Task - Skip all pictures, then copy the lines from the start of the data through the line with "Выпускные альбомы. Свадебный", keeping both ends.

Data to use -
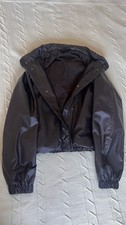 Uniqlo Damen Jacke Braun Gr. M
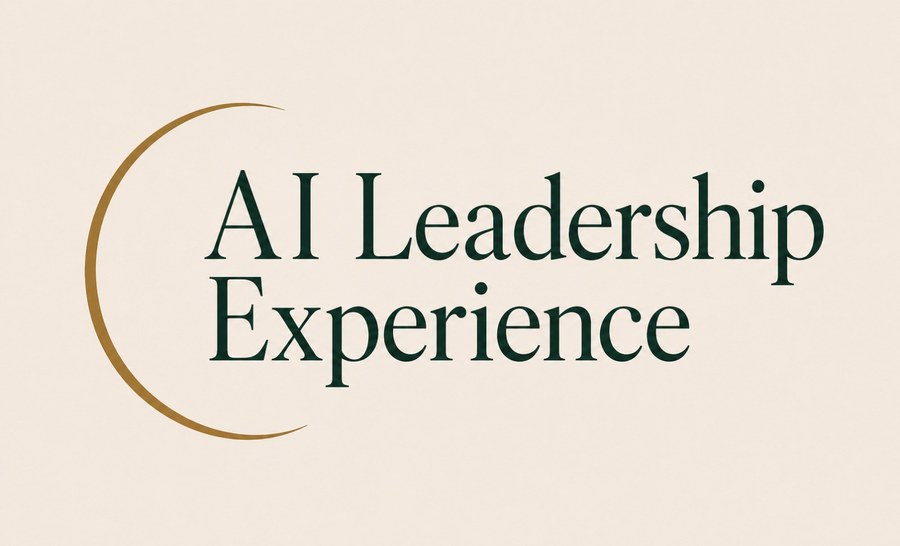 AI Leadership Experience
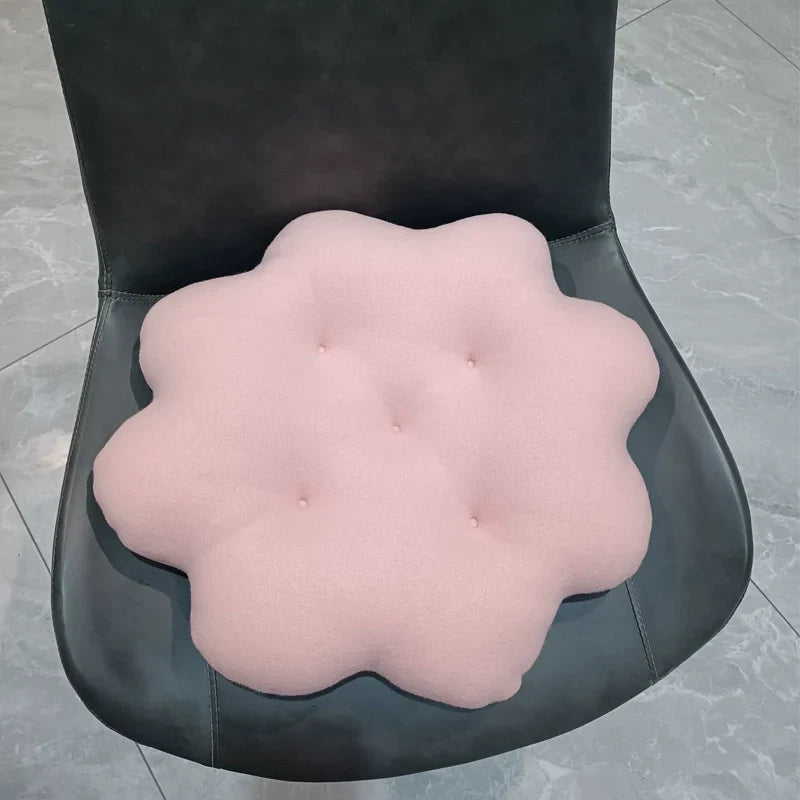 Cookie Design Seat Cushion for Comfort and Style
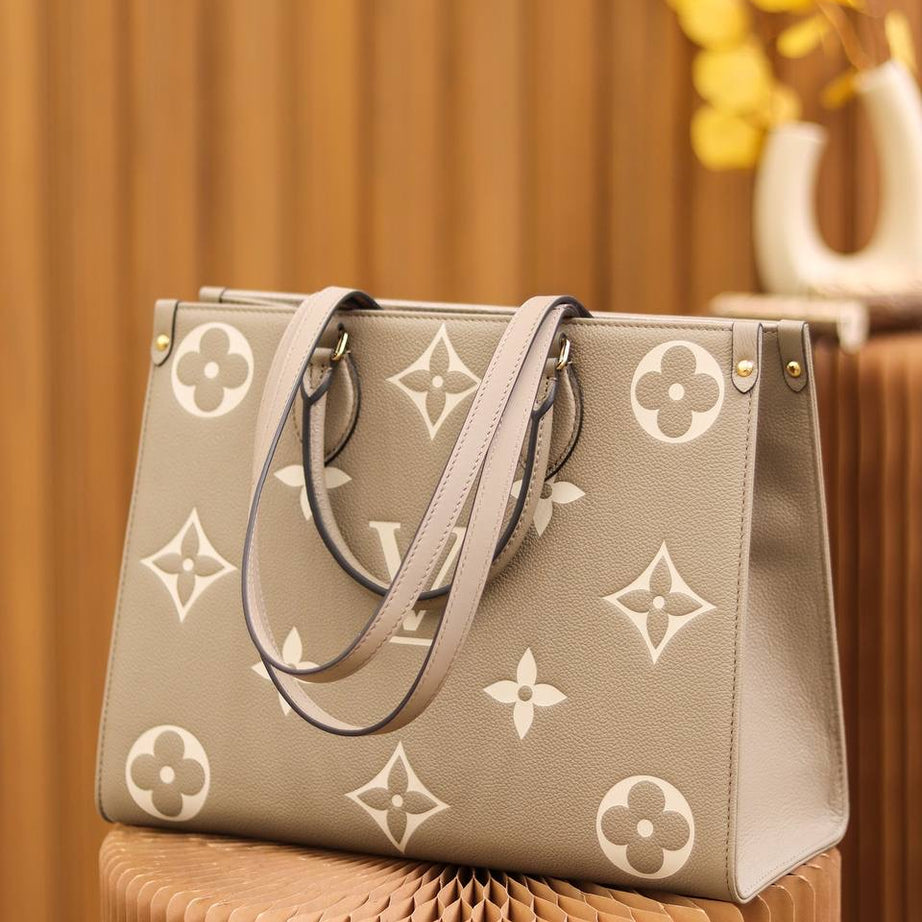 BOLSO ONTHEGO BEIGE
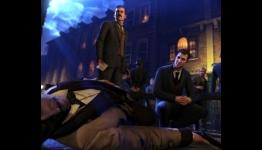 Sherlock Holmes: Crimes And Punishment Review: The Best Detective Game Ever Made? | GameNGuide
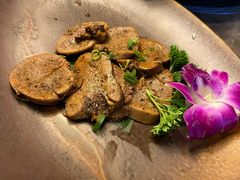 炭烤牛舌-蟹之国·精品蟹料理(极地店)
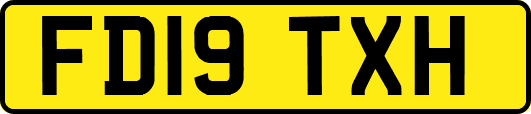 FD19TXH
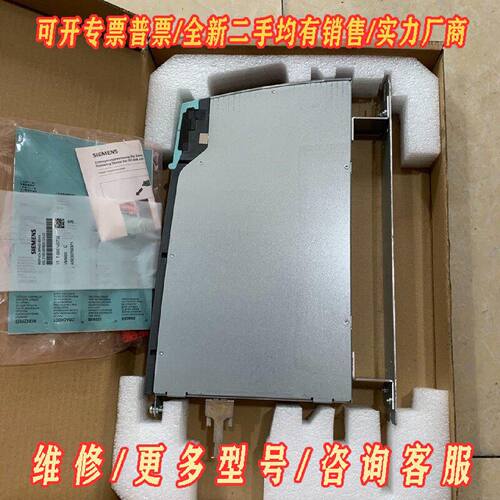 西门子100KW电源6SL31001AE310AB0开议价维修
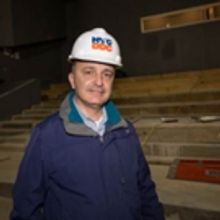 Full Renovation of Brooklyn's Billie Holiday Theatre Underway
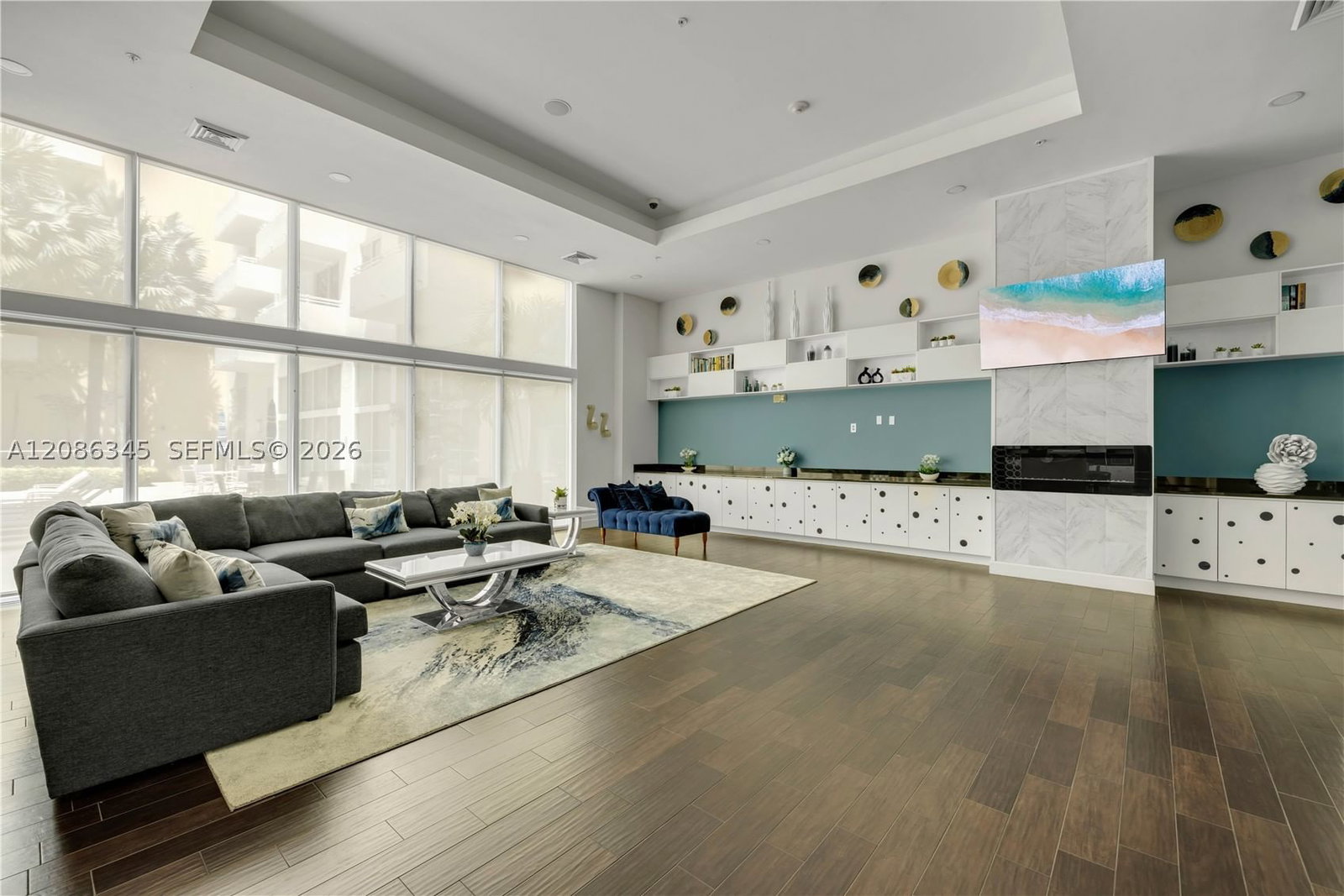 Real estate property located at 2775 187th St #120, Miami-dade, Venture At Aventura West, Aventura, FL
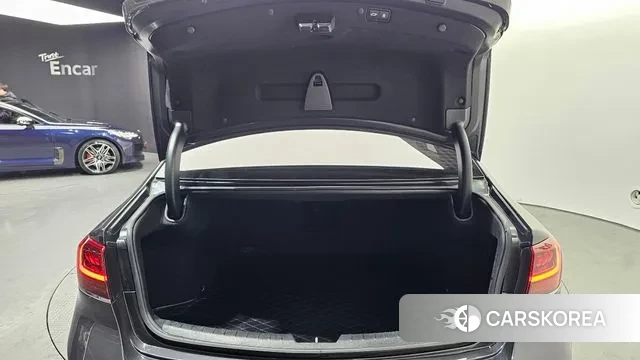 Kia K7 Premier id 3718121 из Кореи 11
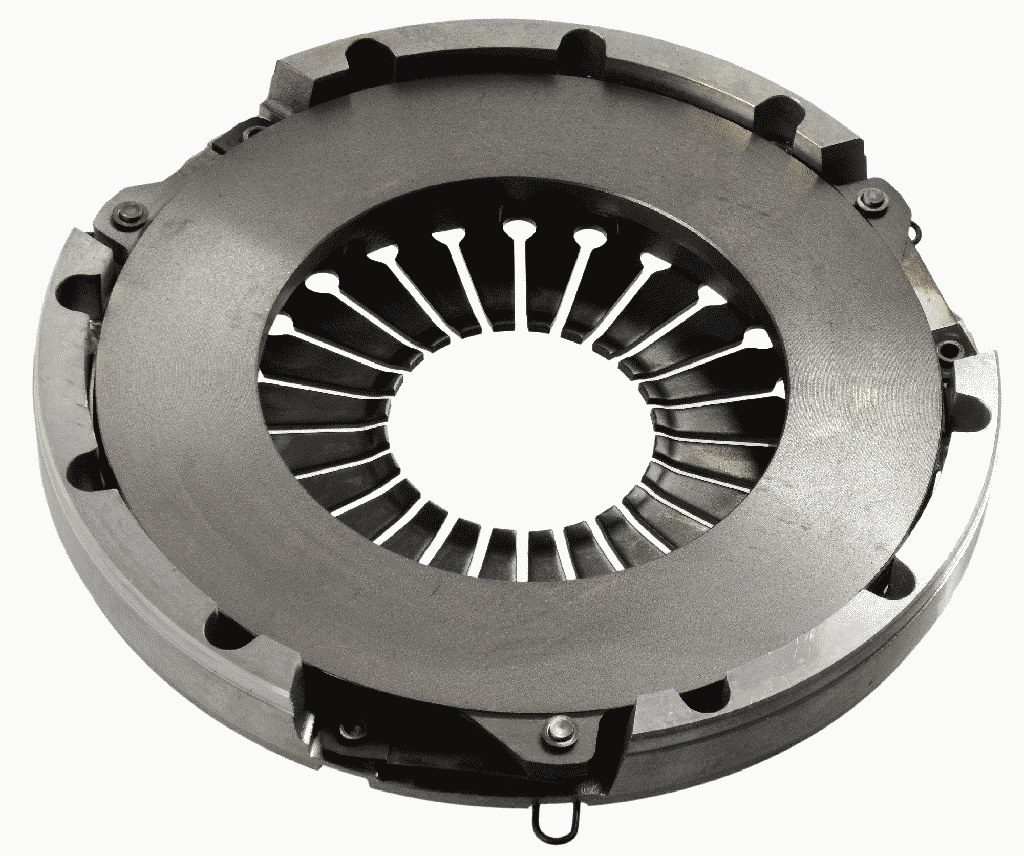 SACHS 3082 073 131 Kupplungsdruckplatte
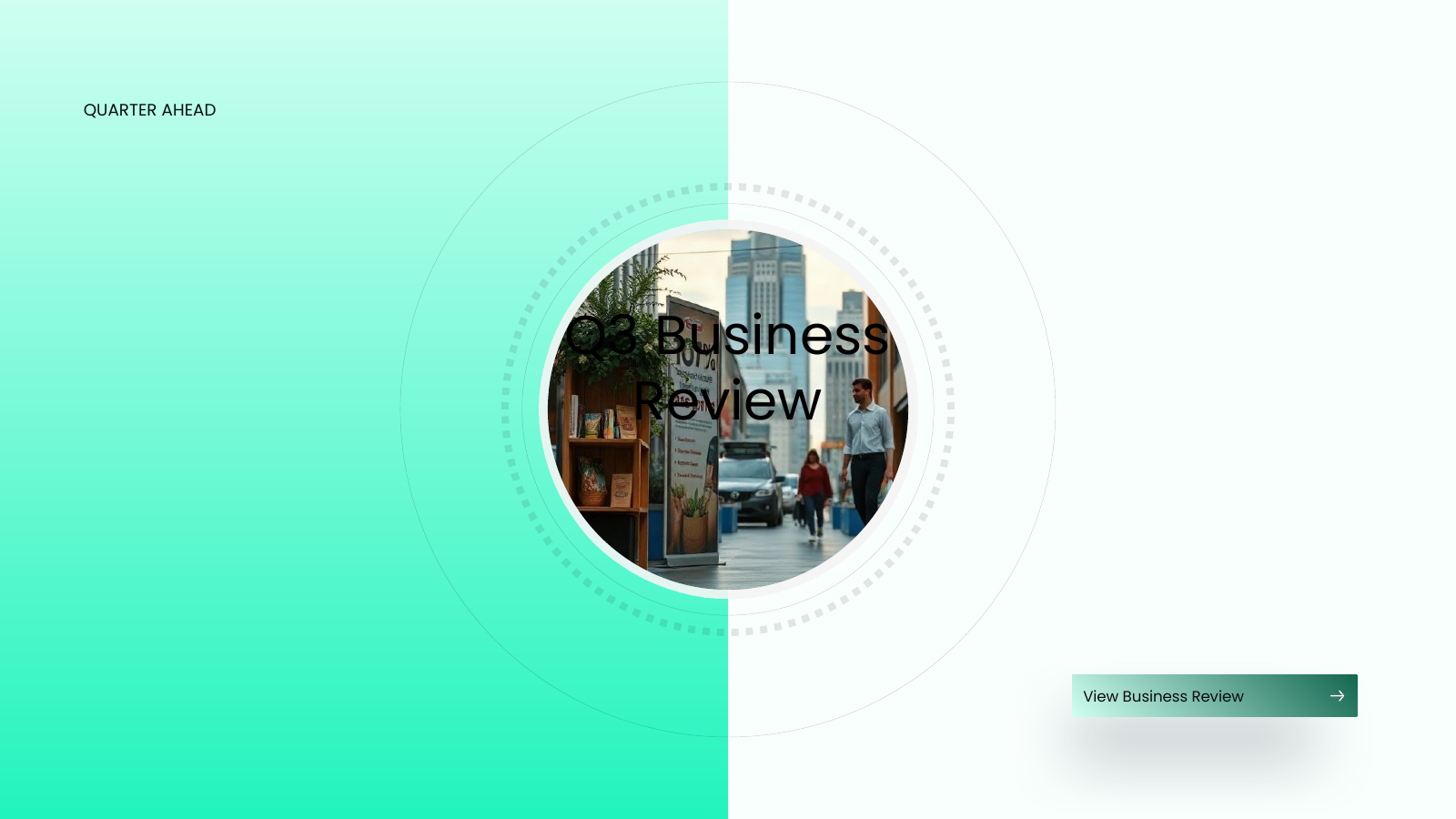 Period Review Cover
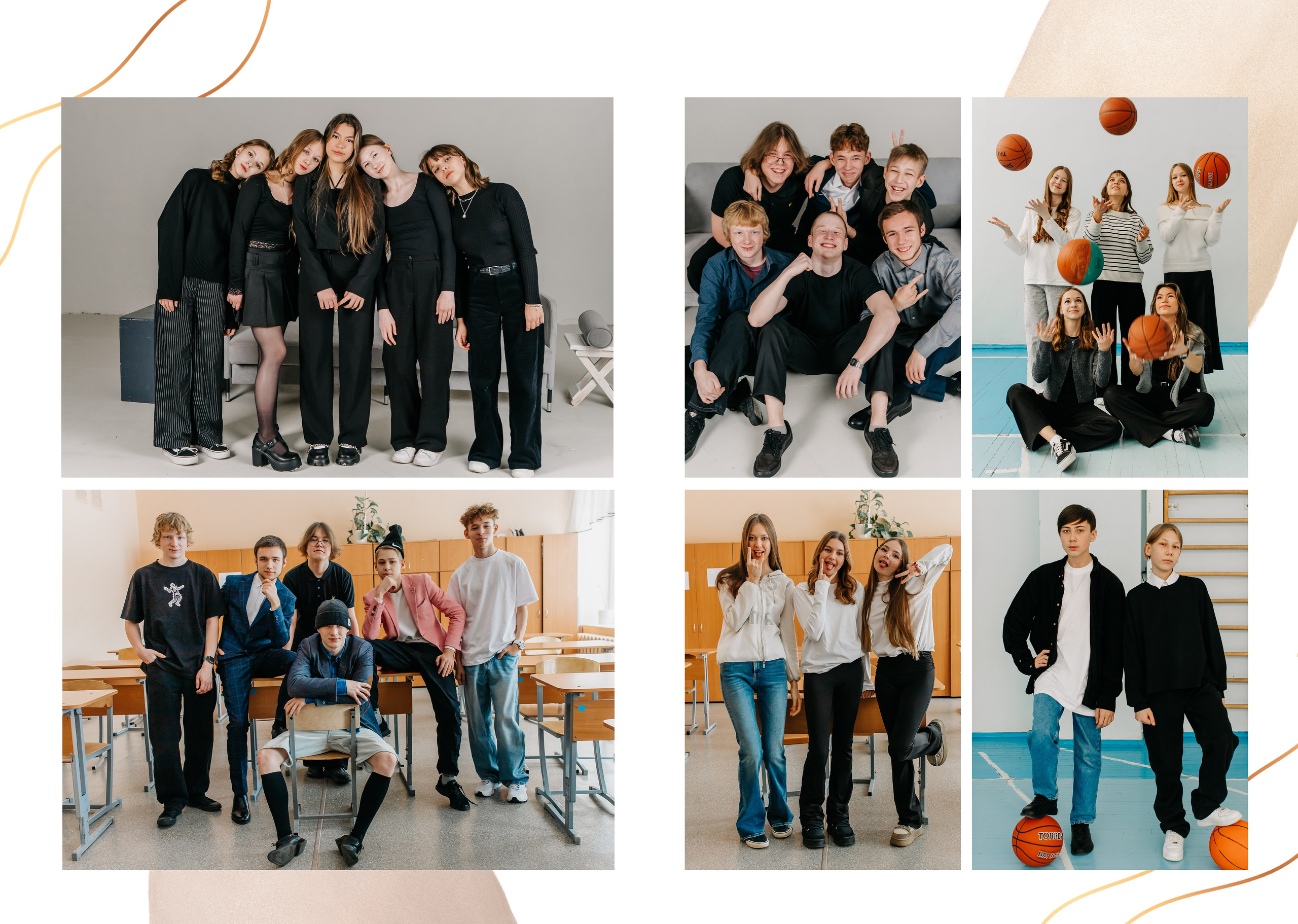 Выпускные альбомы. Свадебный фотограф Юлия Сарапульцева, Ижевск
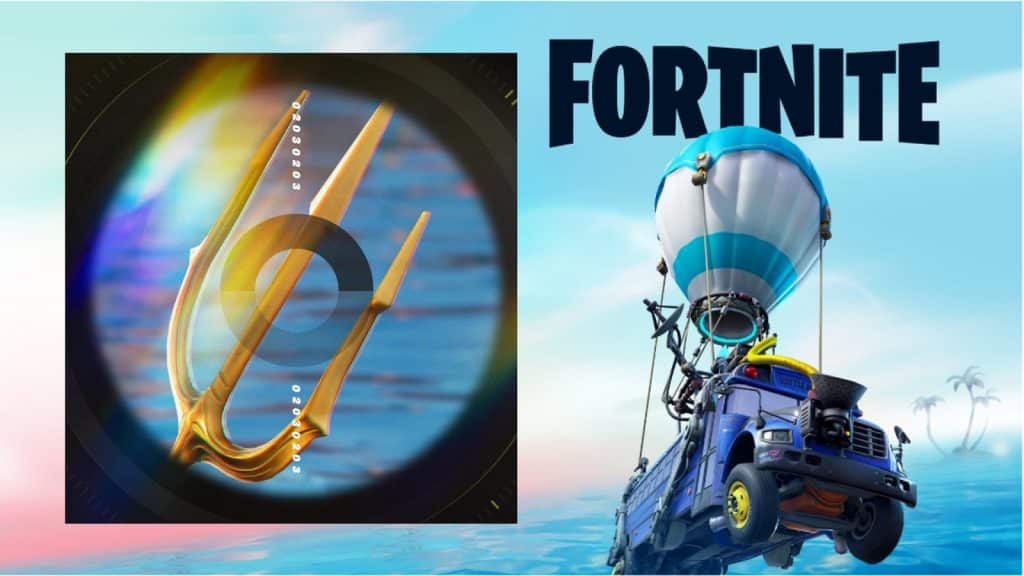 Fortnite Teasers Confirm Aquaman Will Appear During Chapter 2 Season 3 And Much More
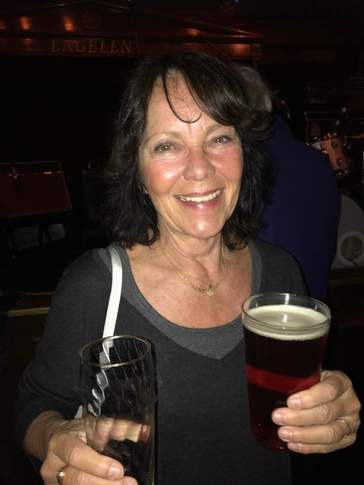 Krogmiljö Krogmiljö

Completed task -
 Uniqlo Damen Jacke Braun Gr. M
 AI Leadership Experience
 Cookie Design Seat Cushion for Comfort and Style
 BOLSO ONTHEGO BEIGE
 Sherlock Holmes: Crimes And Punishment Review: The Best Detective Game Ever Made? | GameNGuide
 炭烤牛舌-蟹之国·精品蟹料理(极地店)
 FD19TXH
 西门子100KW电源6SL31001AE310AB0开议价维修
 Full Renovation of Brooklyn's Billie Holiday Theatre Underway
 Real estate property located at 2775 187th St #120, Miami-dade, Venture At Aventura West, Aventura, FL
 Kia K7 Premier id 3718121 из Кореи 11
 SACHS 3082 073 131 Kupplungsdruckplatte
 Period Review Cover
 Выпускные альбомы. Свадебный фотограф Юлия Сарапульцева, Ижевск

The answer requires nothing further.